> **WORK TASK**:
Output the listing word for word, minus images.
COLLECTED DATA section start
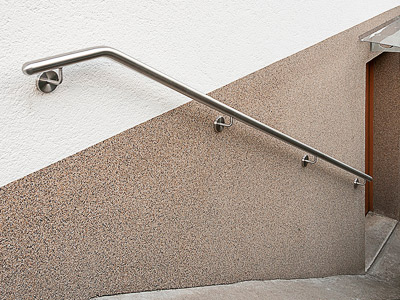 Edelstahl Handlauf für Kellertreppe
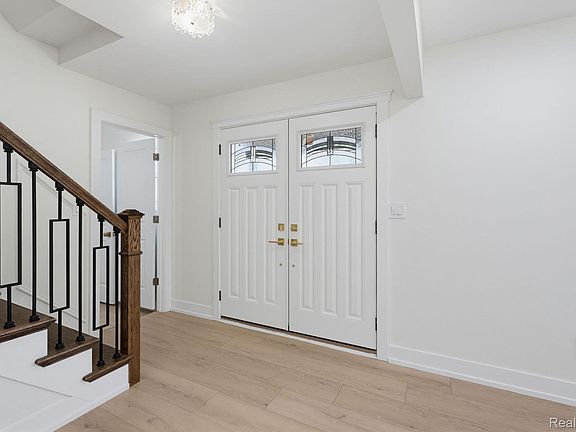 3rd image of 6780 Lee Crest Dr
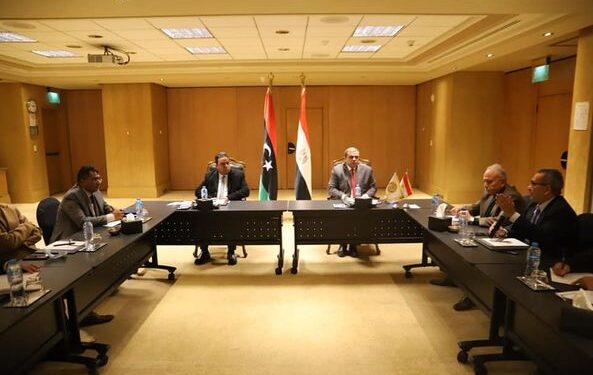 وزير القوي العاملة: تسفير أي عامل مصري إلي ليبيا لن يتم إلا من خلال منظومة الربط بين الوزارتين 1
COLLECTED DATA section end
> **SOLUTION**:
 Edelstahl Handlauf für Kellertreppe
 3rd image of 6780 Lee Crest Dr
 وزير القوي العاملة: تسفير أي عامل مصري إلي ليبيا لن يتم إلا من خلال منظومة الربط بين الوزارتين 1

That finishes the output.